I’ve always been called a pessimist, because that’s who I am. It’s always been easier for me to dwell in negativity and prepare myself for the inevitability of disappointment. Optimism and positivity just don’t come naturally to me. But when I was depressed, pessimism and negativity only pulled me further and further down into the bell jar—and that’s when I learned that Cinderella was right. They say that nothing in life is free, but that’s not true. Kindness is free. Love is free. At any given time, every single one of us is silently coping with our own scars, and just a little bit of love, patience, and understanding goes so far—even for the evilest of stepmothers. It might sound like a very simplistic and childlike view of the world, but Cinderella telling herself to have courage and be kind helped me immensely in summoning my own inner strength to overcome what also felt like impossible odds. Be the one that rescues you, and through the clouds you’ll see the blue. Those who don’t believe in magic will never find it.

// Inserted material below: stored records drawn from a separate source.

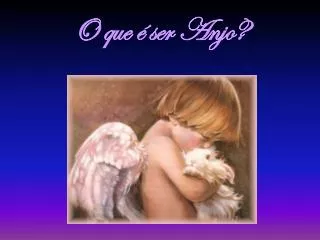 o que ser anjo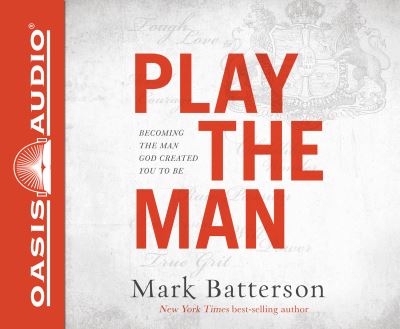 Cover for Mark Batterson · Play the Man (Library Editiion) (CD) (2017)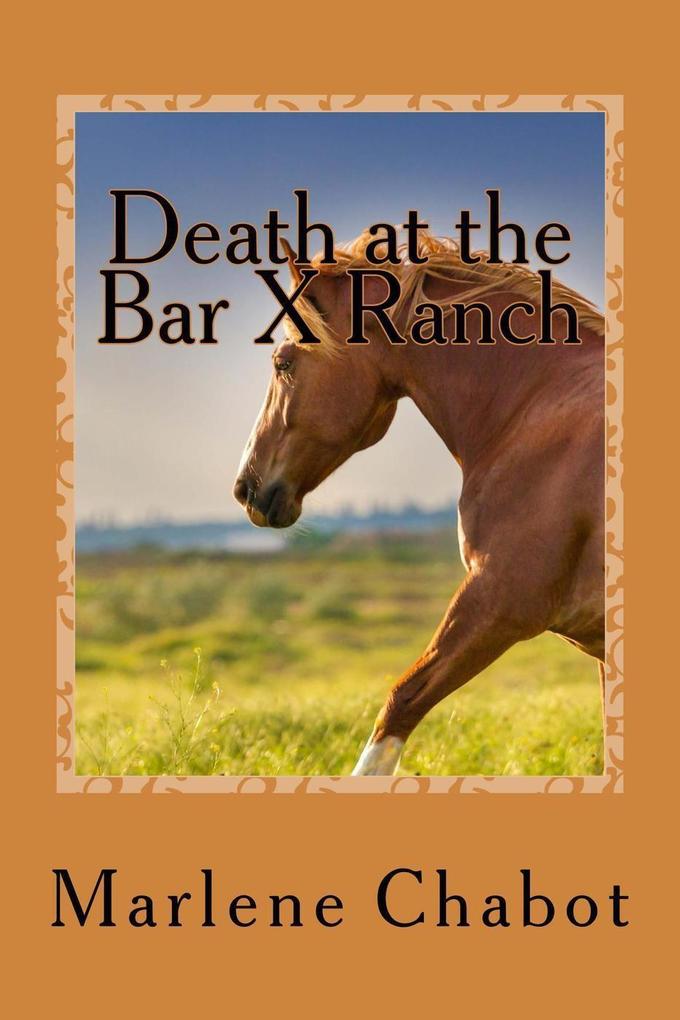Death at the Bar X Ranch (A Mary Malone Mystery #1)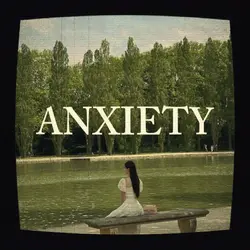 anxiety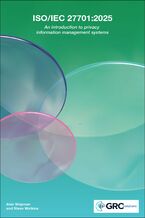 Okładka - ISO/IEC 27701:2025. Comprehensive Guide to Privacy Information Management and ISO/IEC 27701 Standards - IT Governance Publishing, Alan Shipman, Steve Watkins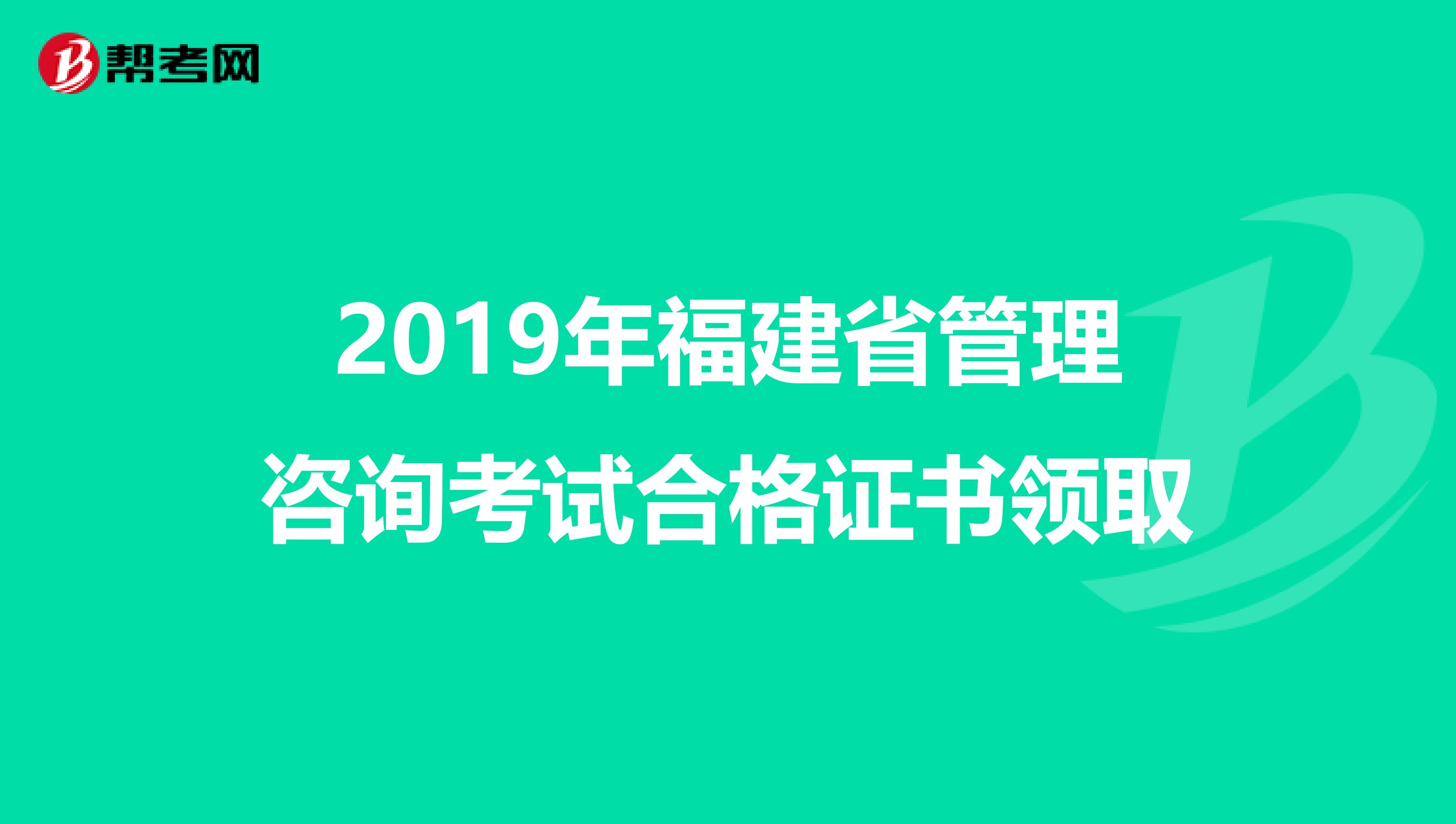 2019年福建省管理咨询考试合格证书领取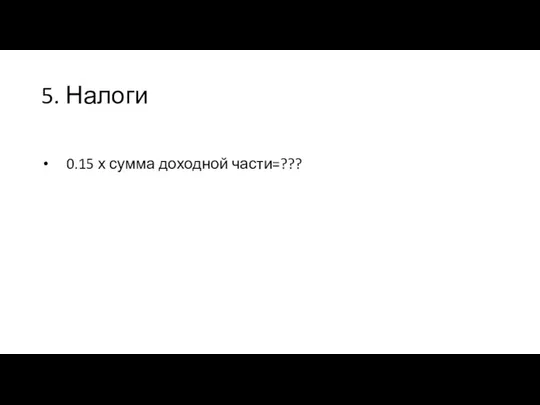 5. Налоги 0.15 х сумма доходной части=???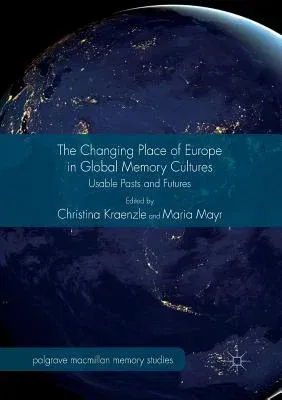 The Changing Place of Europe in Global Memory Cultures: Usable Pasts and Futures (Softcover Reprint of the Original 1st 2017)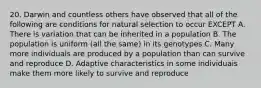 20. Darwin and countless others have observed that all of the following are conditions for natural selection to occur EXCEPT A. There is variation that can be inherited in a population B. The population is uniform (all the same) in its genotypes C. Many more individuals are produced by a population than can survive and reproduce D. Adaptive characteristics in some individuais make them more likely to survive and reproduce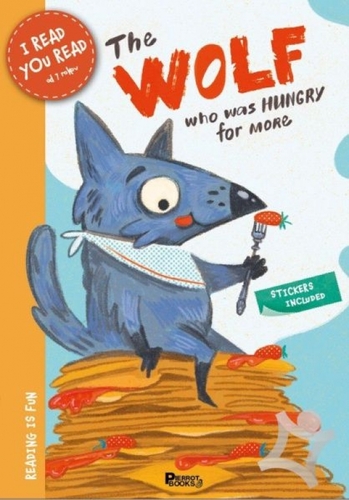 The Wolf Who Was Hungry for More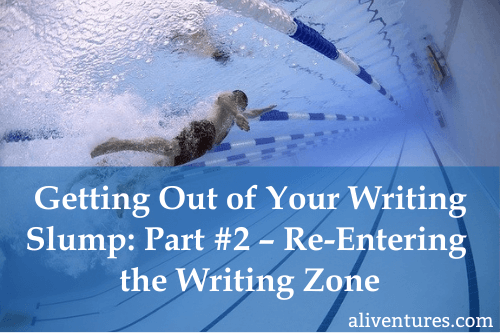 Getting Out of Your Writing Slump: Part #2 – Re-entering the Writing Zone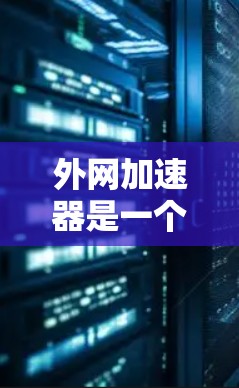 外网加速器是一个帮助用户提升网络速度的工具,通常用于解决因网络延迟导致的不便。以下是一些免费或经济实惠的外网加速器推荐,供您参考
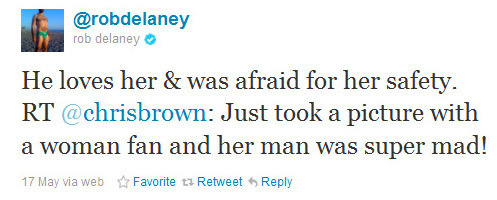 @robdelaney rob delaney He loves her & was afraid for her safety. RT @chrisbrown: Just took with a picture woman fan and her a man was super mad! 17 M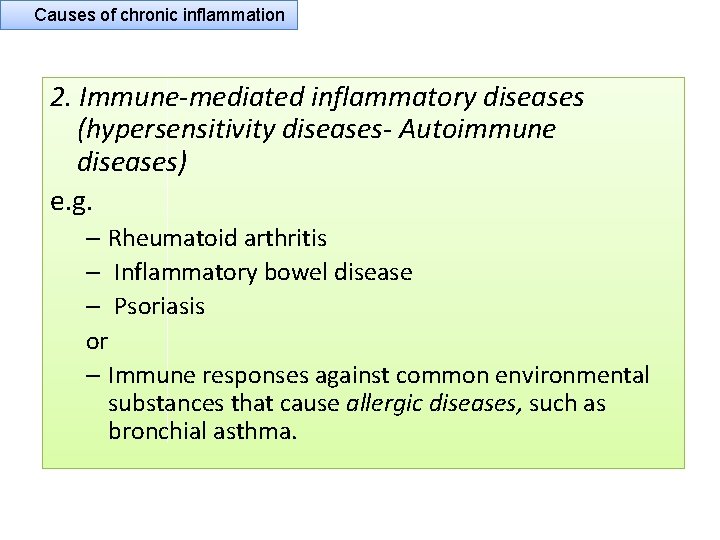 Causes of chronic inflammation 2. Immune-mediated inflammatory diseases (hypersensitivity diseases- Autoimmune diseases) e. g.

You might meet some people who will tell you that they believe children don’t need fairytales—some find them inappropriate, violent, or merely insipidly frivolous and not worth children’s time. Some believe they’re degrading and unhealthy for young girls. But Albert Einstein disagreed, once saying, “If you want your children to be intelligent, read them fairy tales. If you want them to be more intelligent, read them more fairy tales.” And we can’t forget Bruno Bettelheim, a psychoanalyst who famously argued in his landmark book The Uses of Enchantment that children need the dark material of fairytales to help them symbolically make sense of the deeply rooted anxieties that dominate and control their world—and this I can personally confirm. Fairytales are more than fairytales: they are stories that are universally applicable to all human beings, no matter what age, race, gender, or background that contain hidden pieces of magic to help us name and face our own monsters—and that’s why they’ve endured for centuries. We just have to believe in them so that their magic might work on us. In the words of Neil Gaiman, “Fairy tales are more than true: not because they tell us that dragons exist, but because they tell us that dragons can be beaten.”